I would use an insulated tool to wiggle wires and components with power on and music playing. That's the only way to know when you've hit a sensitive area. Isn't this a Chinese amplifier? Geez, could be anything. Probably needs all the tube sockets replaced as a start.
--------------------------
Buy Chinese. Bury freedom.
but I did not want to be the guy who told the guy to wiggle parts with power on, if the guy got electrocuted.

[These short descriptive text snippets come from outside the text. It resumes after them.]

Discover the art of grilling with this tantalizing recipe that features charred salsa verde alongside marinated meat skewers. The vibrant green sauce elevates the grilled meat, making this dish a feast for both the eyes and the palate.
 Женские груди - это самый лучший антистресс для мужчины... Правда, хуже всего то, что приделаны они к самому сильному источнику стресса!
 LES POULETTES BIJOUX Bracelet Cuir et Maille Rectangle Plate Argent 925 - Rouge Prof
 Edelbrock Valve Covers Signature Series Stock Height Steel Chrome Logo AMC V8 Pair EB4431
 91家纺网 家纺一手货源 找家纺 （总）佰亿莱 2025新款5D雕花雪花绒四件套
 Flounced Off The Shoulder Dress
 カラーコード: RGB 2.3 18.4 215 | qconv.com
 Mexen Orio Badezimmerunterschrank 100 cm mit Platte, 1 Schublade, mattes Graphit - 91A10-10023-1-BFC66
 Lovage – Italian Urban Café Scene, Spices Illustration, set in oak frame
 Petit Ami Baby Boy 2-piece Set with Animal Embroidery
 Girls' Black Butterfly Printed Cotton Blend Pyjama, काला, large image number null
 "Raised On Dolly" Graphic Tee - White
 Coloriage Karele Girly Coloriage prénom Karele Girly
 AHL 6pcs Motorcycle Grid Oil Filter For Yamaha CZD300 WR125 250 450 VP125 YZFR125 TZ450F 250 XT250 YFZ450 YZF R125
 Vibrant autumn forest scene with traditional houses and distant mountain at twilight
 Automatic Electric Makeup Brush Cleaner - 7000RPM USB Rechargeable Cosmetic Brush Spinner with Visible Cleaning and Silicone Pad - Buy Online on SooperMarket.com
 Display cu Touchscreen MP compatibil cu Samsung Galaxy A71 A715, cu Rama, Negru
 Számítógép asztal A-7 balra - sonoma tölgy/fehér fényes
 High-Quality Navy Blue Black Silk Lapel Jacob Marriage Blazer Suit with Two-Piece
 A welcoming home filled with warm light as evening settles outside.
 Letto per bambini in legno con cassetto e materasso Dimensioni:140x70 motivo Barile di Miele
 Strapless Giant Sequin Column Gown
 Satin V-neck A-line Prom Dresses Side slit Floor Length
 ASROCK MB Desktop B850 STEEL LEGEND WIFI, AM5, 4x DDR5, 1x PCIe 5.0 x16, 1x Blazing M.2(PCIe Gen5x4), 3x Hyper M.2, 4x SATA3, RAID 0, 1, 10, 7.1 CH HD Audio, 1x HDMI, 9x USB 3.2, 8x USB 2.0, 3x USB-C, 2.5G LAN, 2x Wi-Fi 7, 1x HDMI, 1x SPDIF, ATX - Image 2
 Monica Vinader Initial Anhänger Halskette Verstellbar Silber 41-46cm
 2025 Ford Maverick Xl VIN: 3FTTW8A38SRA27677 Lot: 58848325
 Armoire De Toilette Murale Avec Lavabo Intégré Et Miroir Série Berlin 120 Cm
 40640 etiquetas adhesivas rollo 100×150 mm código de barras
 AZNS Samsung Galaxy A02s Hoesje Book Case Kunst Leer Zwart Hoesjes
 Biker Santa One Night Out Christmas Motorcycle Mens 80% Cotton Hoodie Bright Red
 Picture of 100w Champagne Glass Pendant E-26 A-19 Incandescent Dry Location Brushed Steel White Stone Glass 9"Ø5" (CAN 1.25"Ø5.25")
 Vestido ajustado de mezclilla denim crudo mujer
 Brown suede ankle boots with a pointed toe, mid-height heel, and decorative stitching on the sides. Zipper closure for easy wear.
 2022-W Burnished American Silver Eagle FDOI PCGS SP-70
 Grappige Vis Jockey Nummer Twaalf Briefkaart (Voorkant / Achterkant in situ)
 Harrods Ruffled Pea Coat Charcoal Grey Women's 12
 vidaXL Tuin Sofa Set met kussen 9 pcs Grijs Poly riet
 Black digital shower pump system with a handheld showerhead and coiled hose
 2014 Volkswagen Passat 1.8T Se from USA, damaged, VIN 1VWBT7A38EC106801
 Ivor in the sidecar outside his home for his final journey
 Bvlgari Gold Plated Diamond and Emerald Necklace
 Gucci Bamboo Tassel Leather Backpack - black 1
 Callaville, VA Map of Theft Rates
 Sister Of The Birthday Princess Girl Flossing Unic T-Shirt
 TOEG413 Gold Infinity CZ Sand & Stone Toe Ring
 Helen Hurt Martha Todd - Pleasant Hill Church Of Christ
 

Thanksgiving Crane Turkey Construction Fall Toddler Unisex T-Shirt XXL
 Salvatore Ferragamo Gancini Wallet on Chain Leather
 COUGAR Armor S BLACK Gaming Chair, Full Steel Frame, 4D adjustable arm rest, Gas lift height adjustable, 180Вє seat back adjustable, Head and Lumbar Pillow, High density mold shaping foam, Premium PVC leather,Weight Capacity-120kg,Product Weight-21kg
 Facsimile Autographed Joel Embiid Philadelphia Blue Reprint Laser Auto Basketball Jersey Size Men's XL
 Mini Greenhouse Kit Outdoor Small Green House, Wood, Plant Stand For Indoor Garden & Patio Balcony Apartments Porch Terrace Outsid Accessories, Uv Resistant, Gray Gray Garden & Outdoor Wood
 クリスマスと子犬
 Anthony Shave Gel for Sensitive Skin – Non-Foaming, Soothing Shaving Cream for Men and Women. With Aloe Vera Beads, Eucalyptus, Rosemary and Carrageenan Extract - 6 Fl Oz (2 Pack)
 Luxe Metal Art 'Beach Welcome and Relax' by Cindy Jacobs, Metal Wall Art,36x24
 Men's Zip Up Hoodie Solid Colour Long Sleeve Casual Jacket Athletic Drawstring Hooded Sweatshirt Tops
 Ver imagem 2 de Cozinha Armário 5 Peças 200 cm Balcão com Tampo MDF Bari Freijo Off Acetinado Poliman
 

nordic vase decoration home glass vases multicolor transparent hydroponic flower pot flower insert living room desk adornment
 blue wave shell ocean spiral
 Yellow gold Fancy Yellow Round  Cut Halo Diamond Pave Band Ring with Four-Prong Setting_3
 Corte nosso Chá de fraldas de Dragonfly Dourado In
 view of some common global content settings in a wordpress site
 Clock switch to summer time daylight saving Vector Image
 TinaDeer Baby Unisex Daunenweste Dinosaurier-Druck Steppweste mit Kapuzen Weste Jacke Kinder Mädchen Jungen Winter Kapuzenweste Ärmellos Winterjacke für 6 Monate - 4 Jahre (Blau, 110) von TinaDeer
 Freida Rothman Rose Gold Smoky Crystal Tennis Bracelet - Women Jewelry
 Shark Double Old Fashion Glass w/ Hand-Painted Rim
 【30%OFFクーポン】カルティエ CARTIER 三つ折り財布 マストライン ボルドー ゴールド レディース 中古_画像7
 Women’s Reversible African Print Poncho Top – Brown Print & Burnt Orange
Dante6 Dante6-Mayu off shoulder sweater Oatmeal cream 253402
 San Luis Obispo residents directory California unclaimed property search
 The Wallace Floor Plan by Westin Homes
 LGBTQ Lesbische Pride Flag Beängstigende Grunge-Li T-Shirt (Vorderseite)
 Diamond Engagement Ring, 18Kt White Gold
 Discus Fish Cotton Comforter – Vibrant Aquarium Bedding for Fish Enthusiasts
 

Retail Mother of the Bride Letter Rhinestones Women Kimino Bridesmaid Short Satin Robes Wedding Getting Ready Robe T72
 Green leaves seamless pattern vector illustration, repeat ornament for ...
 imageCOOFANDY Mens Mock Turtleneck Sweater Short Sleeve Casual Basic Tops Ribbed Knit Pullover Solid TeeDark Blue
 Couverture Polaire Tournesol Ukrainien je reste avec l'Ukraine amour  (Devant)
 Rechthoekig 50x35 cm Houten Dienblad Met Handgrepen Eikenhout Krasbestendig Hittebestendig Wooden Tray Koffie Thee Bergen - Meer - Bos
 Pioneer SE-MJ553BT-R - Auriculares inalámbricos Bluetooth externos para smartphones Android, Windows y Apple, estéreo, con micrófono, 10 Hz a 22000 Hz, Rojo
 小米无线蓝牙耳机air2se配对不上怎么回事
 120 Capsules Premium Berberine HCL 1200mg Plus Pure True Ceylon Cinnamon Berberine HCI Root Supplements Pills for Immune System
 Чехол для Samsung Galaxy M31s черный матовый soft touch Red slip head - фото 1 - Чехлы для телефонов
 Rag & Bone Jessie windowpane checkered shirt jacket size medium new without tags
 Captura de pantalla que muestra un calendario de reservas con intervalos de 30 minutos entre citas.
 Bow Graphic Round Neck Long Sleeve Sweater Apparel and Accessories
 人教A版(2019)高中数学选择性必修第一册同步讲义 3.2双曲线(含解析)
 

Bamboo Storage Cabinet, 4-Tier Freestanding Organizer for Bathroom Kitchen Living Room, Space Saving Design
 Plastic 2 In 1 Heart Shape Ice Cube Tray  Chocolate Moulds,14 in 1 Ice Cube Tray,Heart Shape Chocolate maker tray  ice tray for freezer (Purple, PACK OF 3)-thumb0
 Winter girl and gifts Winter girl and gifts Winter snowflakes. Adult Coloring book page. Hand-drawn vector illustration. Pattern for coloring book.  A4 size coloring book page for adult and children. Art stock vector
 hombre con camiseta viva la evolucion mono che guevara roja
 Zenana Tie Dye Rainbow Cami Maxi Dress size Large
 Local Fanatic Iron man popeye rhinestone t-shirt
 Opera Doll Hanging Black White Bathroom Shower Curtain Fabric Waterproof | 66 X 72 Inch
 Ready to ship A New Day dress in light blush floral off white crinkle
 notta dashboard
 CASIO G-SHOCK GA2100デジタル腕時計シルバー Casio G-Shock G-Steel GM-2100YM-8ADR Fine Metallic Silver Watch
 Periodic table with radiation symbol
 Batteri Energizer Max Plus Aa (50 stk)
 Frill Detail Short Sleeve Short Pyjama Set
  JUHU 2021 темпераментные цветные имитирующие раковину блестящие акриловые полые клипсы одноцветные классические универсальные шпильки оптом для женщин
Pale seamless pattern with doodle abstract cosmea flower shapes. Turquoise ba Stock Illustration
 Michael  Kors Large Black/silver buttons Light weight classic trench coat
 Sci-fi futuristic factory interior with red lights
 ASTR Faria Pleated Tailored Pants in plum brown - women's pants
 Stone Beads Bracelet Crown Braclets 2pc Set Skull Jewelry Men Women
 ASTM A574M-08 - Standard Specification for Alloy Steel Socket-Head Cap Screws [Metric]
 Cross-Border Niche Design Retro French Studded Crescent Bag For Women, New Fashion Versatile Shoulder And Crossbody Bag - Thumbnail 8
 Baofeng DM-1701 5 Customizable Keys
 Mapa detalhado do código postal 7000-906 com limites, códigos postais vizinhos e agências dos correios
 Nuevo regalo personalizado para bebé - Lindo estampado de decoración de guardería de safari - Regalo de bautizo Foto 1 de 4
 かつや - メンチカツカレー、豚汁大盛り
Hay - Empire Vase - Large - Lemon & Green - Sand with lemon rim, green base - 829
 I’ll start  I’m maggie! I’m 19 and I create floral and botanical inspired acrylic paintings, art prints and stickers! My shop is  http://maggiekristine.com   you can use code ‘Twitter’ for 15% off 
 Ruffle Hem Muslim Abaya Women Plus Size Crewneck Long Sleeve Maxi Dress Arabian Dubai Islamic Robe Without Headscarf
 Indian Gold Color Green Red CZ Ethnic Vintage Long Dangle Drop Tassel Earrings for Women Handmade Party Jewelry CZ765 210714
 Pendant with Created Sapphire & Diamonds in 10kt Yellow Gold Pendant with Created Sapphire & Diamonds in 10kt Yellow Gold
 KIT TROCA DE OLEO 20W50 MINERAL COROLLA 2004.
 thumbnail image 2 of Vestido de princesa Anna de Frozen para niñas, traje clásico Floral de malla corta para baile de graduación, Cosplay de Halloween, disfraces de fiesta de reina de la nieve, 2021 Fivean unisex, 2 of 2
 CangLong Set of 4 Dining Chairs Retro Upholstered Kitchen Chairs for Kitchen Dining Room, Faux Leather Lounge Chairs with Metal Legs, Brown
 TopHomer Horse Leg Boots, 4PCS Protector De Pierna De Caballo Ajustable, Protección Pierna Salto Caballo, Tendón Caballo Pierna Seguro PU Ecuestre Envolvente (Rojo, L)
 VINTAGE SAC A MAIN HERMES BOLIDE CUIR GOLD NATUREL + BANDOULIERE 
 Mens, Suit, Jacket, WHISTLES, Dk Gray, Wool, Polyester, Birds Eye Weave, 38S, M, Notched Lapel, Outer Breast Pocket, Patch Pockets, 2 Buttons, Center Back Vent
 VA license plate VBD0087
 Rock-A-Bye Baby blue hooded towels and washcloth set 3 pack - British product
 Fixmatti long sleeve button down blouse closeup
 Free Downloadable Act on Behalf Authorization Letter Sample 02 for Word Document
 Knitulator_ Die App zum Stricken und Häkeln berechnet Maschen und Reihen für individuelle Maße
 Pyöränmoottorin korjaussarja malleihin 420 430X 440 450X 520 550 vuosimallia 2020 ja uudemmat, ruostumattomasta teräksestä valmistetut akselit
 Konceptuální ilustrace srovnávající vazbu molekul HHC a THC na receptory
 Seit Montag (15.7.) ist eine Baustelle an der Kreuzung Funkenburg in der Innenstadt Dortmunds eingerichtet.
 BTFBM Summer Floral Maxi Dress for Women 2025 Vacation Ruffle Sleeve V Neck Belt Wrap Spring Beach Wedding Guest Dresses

I have a pair of Beveridge direct-drive amplifiers, which are now 46 years old but which I have owned for about 4-5 years. For the first year or so of my ownership, one of them would tend to oscillate even on the work bench, with no speaker attached. (In fact, you can't practically work on the amps while they are attached to the speakers.) Since those amps develop 3200V in the output stage, I was loathe to do as you suggest. I could only power it up, determine that it was or wasn't oscillating, and then power down and wait for the V to settle before touching anything. Using that approach and with the kind and patient email advice of Steve O, we practically rebuilt the amplifier section by section, as each fix failed to affect the tendency to oscillate. Finally I said to myself that the problem must be something illogical, because we had covered all logical possibilities. At that point, I went around wiggling parts (not for the first time), whereupon I discovered that one capacitor had a bad solder joint that gave way under my second or third wiggle. I had empirically re-soldered most of the joints on the PCB before that, to no avail, among the many other things I/we did. This wasn't a wasted effort, because I learned a lot about the complex Beveridge circuit.
Ya, I think it is. They said that they improved the QC. I haven't taken it apart yet. We'll see.
Bill
IME, RoHS solder is hard to get right, on thin PCB boards. Many new guitar amps suffer weird maladies, until you suck up the OEM stuff and solder all points with 60/40.
Pain in the rear... but, much of the random issues stop after the fix.